「強硬路線」とは、2014年にロシアがクリミアを強制併合したように、中国が情報・影響工作によって台湾のなかの対立を極大化させて反乱や内戦を引き起こした後、非正規の部隊を中国から送り込んで親中政権を台湾に樹立させるやり方だという。松村氏は「中国はその場合、米国が介入しないよう、在日米軍が使えない状態に持ち込みたいはずです」と語る。日本の一部にある反米感情を刺激したり、日本の本土と沖縄県との間にある安全保障を巡る意見の対立を煽り立てたりすることが予想されるという。
松村氏は「中国がどのような情報・影響工作を狙っているのか、大きな構図で知る必要があります」と語ると同時に、「簡単に分断を許さない、健全な世論の形成が必要です」と語る。日本では最近、陸上自衛隊の第32普通科連隊が4月5日、X(旧ツイッター)の部隊公式アカウントで「大東亜戦争」という用語を使って投稿したことで、賛否両論が渦巻いた。
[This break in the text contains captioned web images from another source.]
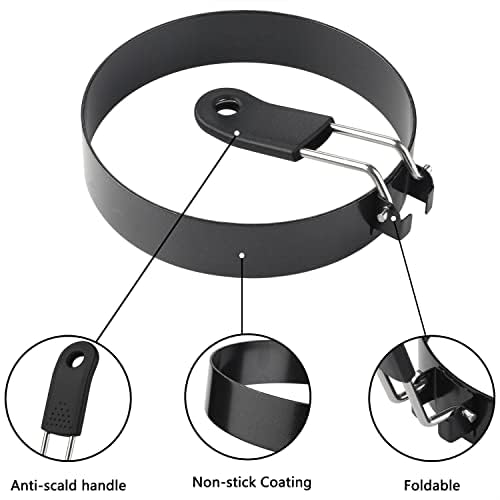 4-Piece Stainless Steel Nonstick Egg Rings Set - 6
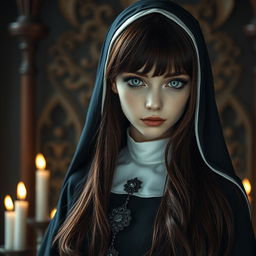 Fantasy-inspired full body shot of a nun with mesmerizing silver eyes enhanced by black rings around the irises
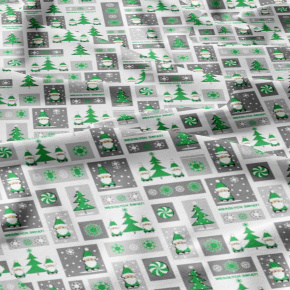 Vánoční bavlněná látka, metráž, šíře 160 cm, Vánoce Šedozelené na Bílém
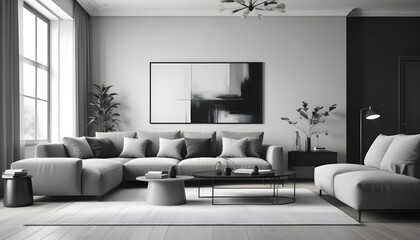 Photo interior modern design room 3D illustration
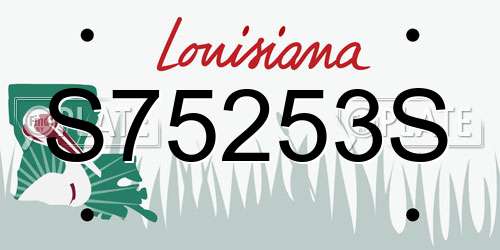 S75253S Louisiana License Plate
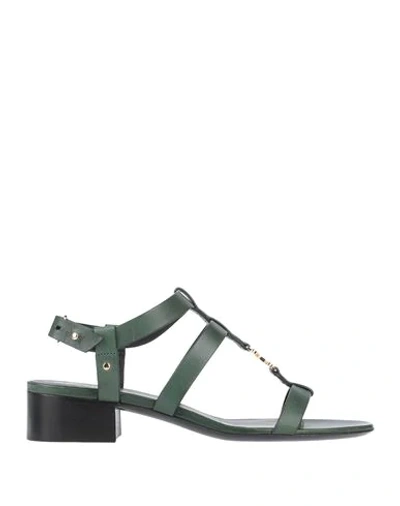 Celine Sandals In Dark Green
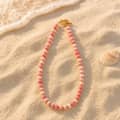 18K Gold Plated PVD Beaded Necklace, Handmade Natural Gemstone Bohemian Summer 5
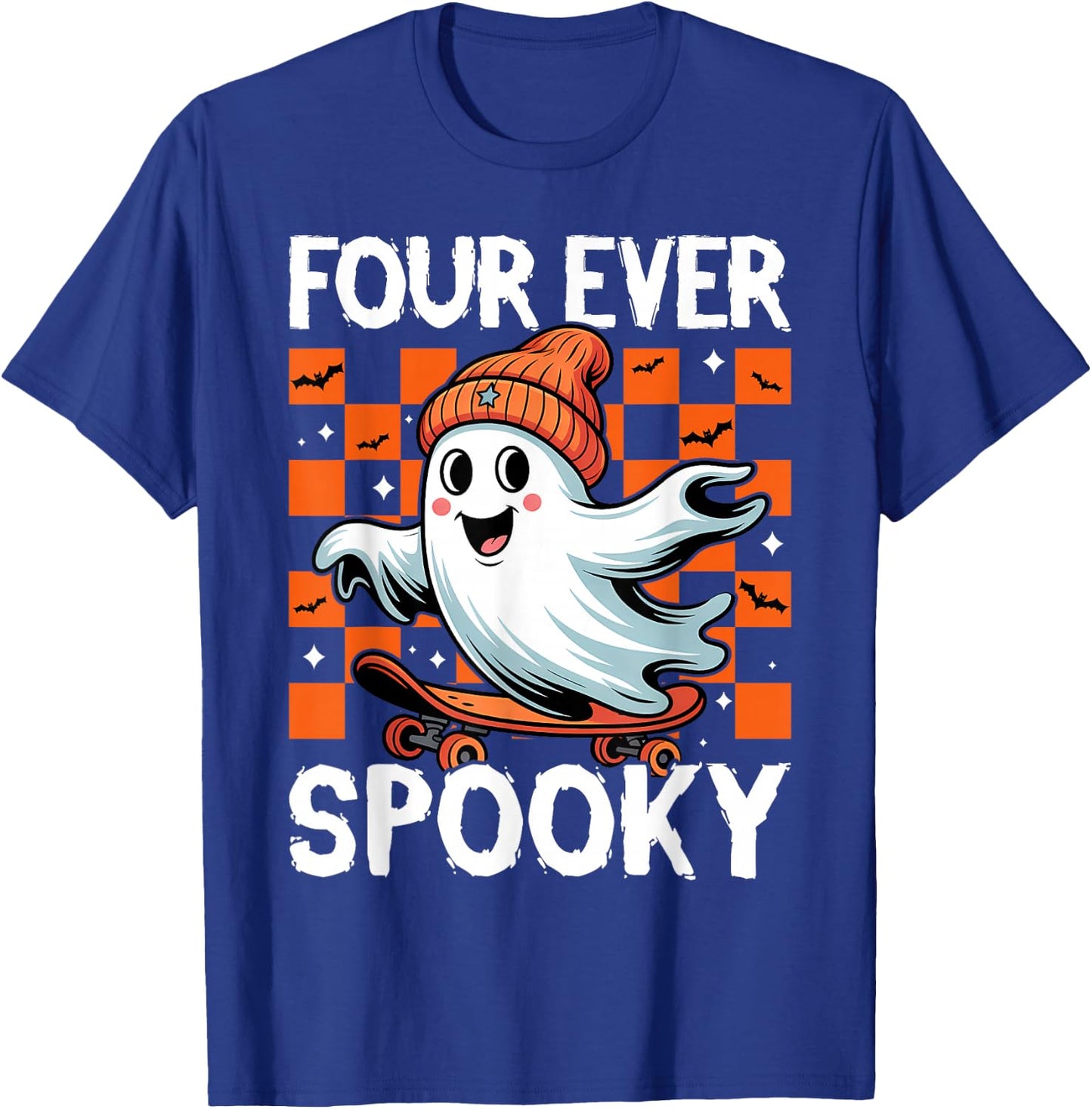 Four Ever Spooky 4th Birthday Halloween Skateboarding Ghost T-Shirt - T-Shirt | Royal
それぞれ、「侵略された国々のことも考えるべきだ」「地理的に太平洋戦争だけでは足りない」などの論拠を上げたが、なぜ、対立する人々がそのような主張をするのかについて考え、歩み寄ろうとする論調はほとんどなかった。外務省の元幹部は「中国が日本世論の分断を狙うなら、大東亜戦争は格好の標的だろう」と語る。
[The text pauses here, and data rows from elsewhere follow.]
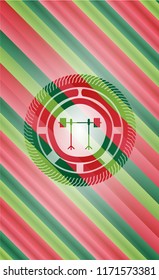 barbell on rack icon inside christmas style emblem.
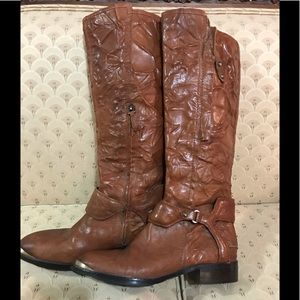 Sam Edelman crushed leather brown boots - Size 8M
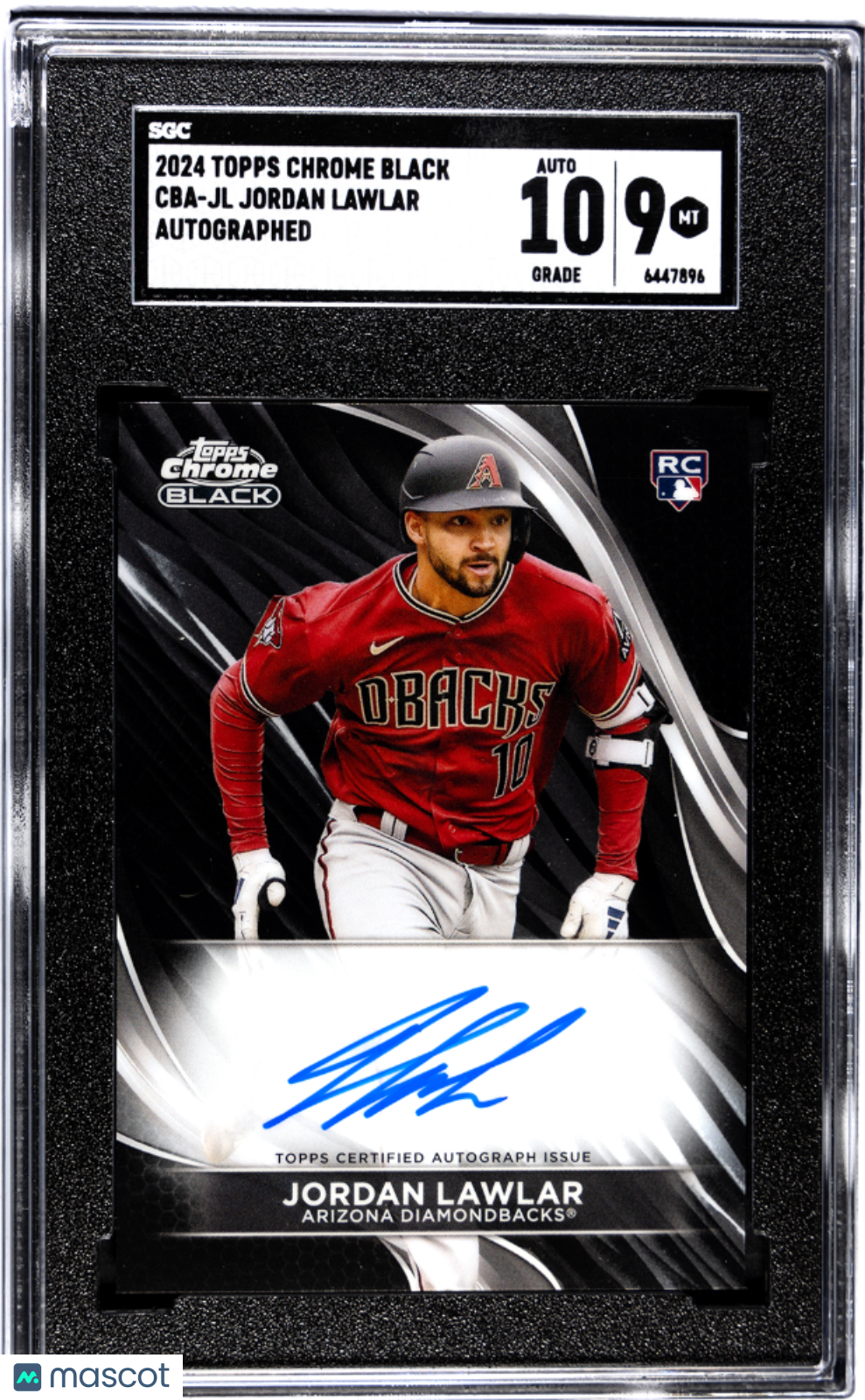 2024 Topps Chrome Black Jordan Lawlar #CBA-JL Autograph SGC 9 Auto 10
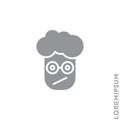 Sad and Confused Emoticon boy, man Icon Vector Illustration. Style. gray on white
松村氏は「権威主義国が民主主義国に対して情報・影響工作を仕掛けてくる場合には、世論の分裂などの社会の脆弱性につけこんで来ます。日本のような民主主義国がこれに対して耐性をつけるためには、むしろ健全な議論を活発化して、つけこまれる前に議論を尽くしておくことが大切なのです。今の岸田文雄政権が本当に議論を尽くそうとしているのか、むしろ論点をはぐらかしているのではないかという点が気になるところです」と語った。